Problem statement
With the pictures left out, please write out exactly each line from the one containing "2-к квартира, 50 м², 2/9 эт." through the end of the material.

----- Given information

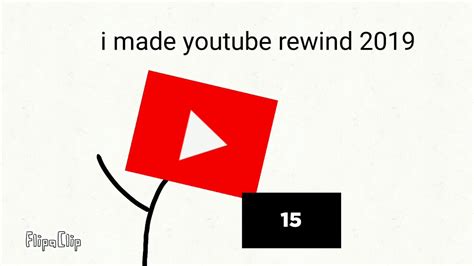 Youtube Rewind 2019 In A Nutshell Youtube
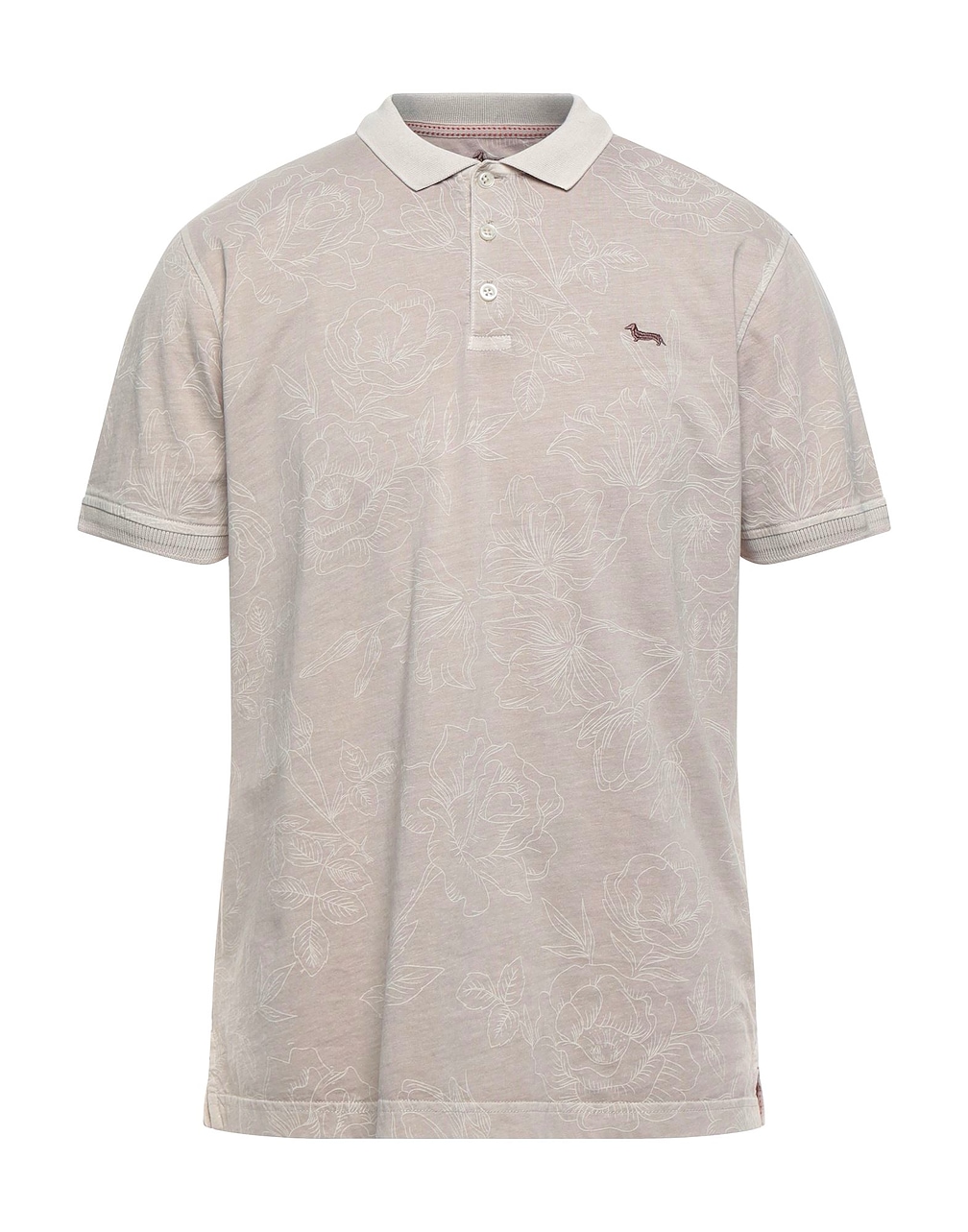 HARMONT & BLAINE - Poloshirts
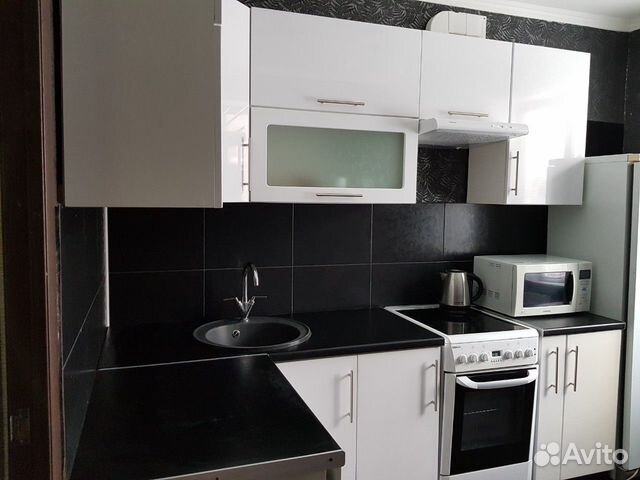 2-к квартира, 50 м², 2/9 эт.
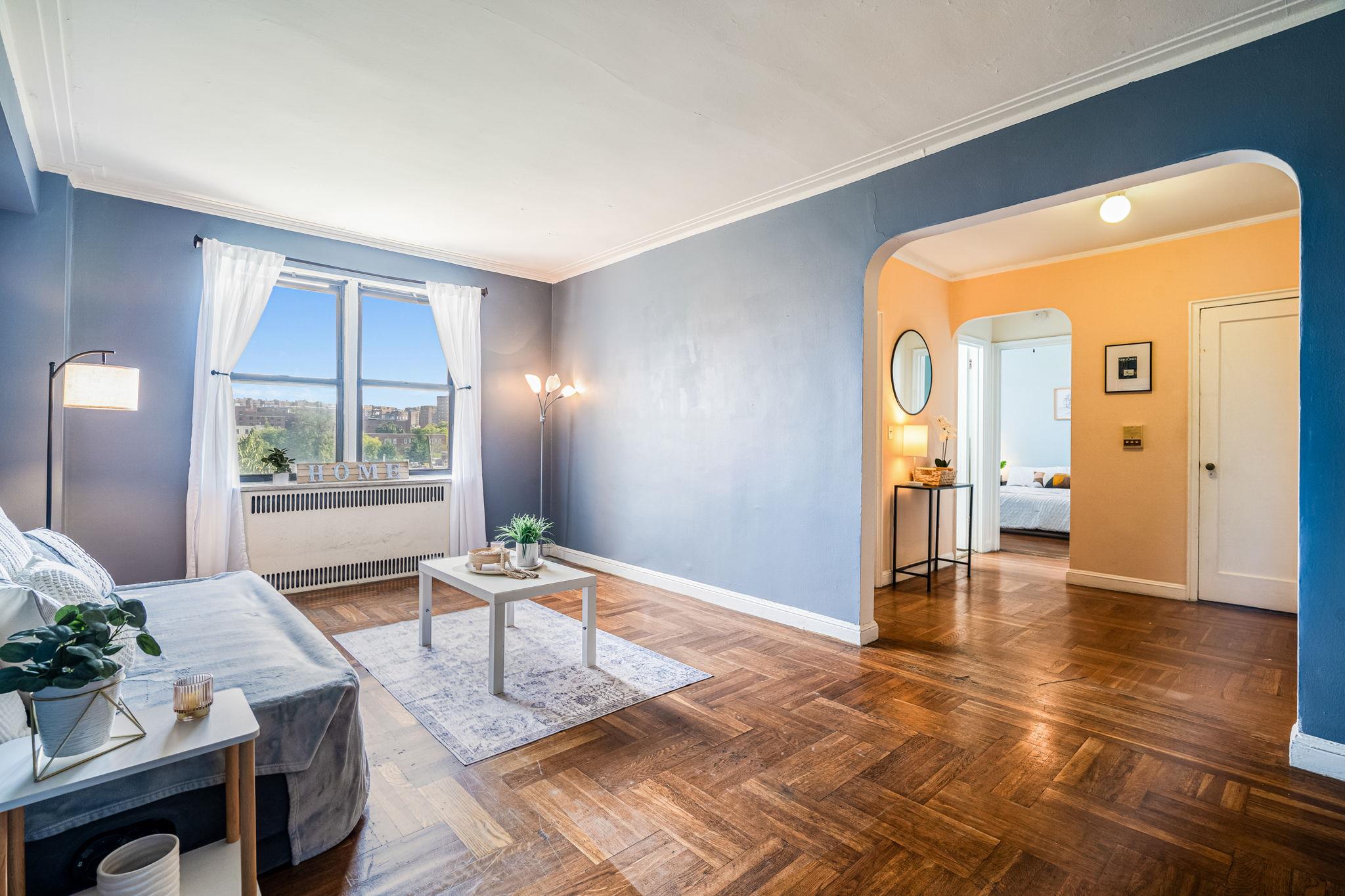 3017 Riverdale Avenue # 3C, Bronx, NY 10463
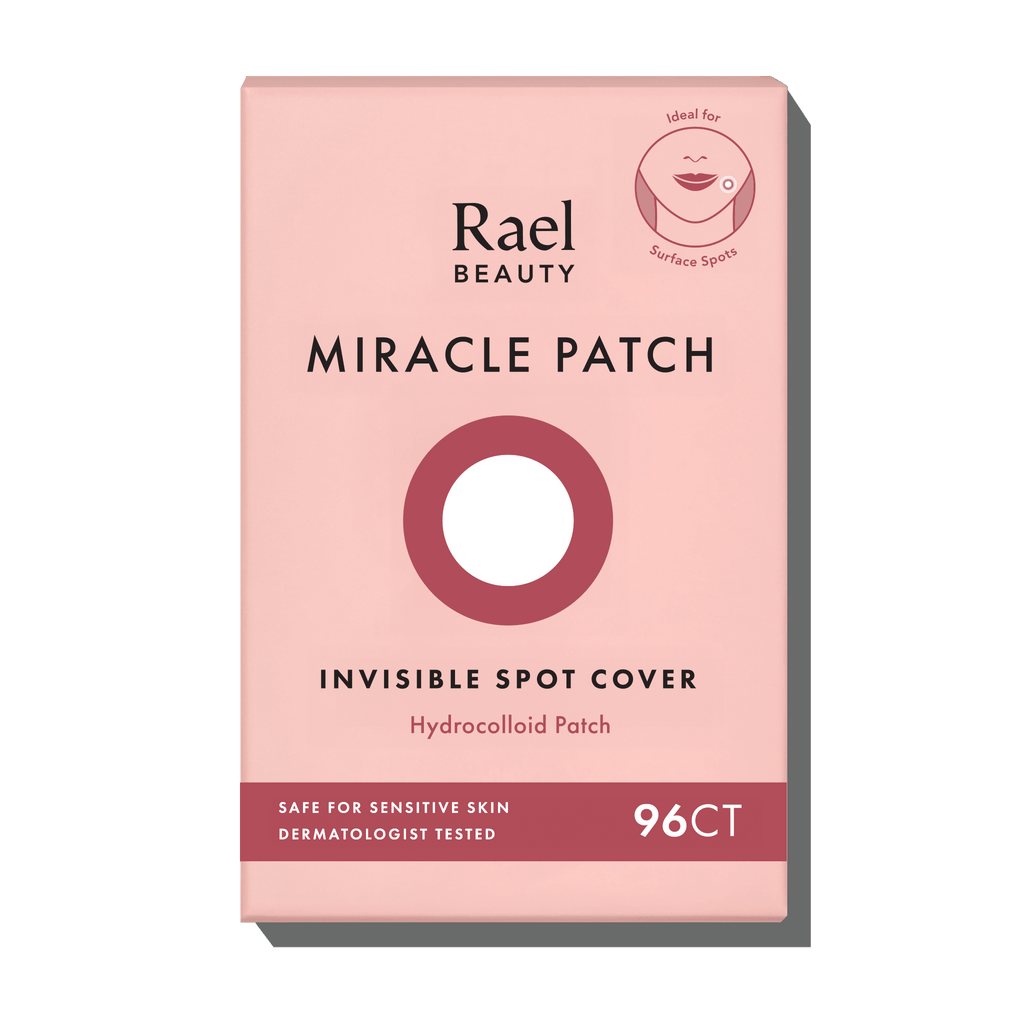 Miracle Patch Invisible Spot Cover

----------

Answer box
 2-к квартира, 50 м², 2/9 эт.
 3017 Riverdale Avenue # 3C, Bronx, NY 10463
 Miracle Patch Invisible Spot Cover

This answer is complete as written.